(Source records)
********************
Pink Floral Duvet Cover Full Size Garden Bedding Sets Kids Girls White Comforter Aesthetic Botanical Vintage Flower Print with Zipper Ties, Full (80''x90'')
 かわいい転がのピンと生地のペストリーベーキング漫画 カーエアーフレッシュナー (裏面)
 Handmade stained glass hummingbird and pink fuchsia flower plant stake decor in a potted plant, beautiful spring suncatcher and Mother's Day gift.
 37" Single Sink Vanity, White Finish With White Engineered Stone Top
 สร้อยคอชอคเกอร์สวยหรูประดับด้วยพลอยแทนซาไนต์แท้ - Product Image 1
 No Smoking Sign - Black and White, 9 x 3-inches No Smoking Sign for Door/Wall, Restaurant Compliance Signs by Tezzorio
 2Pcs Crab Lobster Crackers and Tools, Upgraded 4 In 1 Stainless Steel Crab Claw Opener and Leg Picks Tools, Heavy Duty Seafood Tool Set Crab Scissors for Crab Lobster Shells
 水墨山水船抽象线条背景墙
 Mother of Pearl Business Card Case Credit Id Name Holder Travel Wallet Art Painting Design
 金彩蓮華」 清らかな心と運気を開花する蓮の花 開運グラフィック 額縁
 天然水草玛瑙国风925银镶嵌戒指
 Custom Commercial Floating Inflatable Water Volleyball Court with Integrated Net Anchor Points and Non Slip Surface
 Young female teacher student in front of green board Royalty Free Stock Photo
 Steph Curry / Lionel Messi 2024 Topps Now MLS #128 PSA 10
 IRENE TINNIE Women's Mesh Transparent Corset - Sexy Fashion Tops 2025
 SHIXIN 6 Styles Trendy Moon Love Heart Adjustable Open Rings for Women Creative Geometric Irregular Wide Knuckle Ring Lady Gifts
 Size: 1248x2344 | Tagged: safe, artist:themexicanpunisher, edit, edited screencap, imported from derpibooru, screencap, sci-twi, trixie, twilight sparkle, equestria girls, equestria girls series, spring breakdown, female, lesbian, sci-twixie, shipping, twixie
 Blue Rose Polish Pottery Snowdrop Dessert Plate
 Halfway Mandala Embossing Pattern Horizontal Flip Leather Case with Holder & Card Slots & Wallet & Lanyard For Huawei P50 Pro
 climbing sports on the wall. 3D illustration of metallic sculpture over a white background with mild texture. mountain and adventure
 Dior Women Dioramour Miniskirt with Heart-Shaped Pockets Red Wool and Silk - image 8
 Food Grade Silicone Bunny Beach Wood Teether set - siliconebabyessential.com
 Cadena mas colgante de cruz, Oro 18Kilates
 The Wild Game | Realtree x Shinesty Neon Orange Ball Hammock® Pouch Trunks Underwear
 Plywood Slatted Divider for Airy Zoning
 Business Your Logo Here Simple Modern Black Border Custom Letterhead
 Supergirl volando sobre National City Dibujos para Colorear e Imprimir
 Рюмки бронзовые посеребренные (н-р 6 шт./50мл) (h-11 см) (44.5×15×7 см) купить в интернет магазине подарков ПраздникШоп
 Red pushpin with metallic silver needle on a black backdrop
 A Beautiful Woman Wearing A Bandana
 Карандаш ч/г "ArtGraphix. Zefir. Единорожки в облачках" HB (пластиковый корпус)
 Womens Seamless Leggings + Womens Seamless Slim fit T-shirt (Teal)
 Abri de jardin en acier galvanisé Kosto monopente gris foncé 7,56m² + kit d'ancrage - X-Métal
********************
Return a copy of every line in the records that includes the string "Holder".

 Mother of Pearl Business Card Case Credit Id Name Holder Travel Wallet Art Painting Design
 Halfway Mandala Embossing Pattern Horizontal Flip Leather Case with Holder & Card Slots & Wallet & Lanyard For Huawei P50 Pro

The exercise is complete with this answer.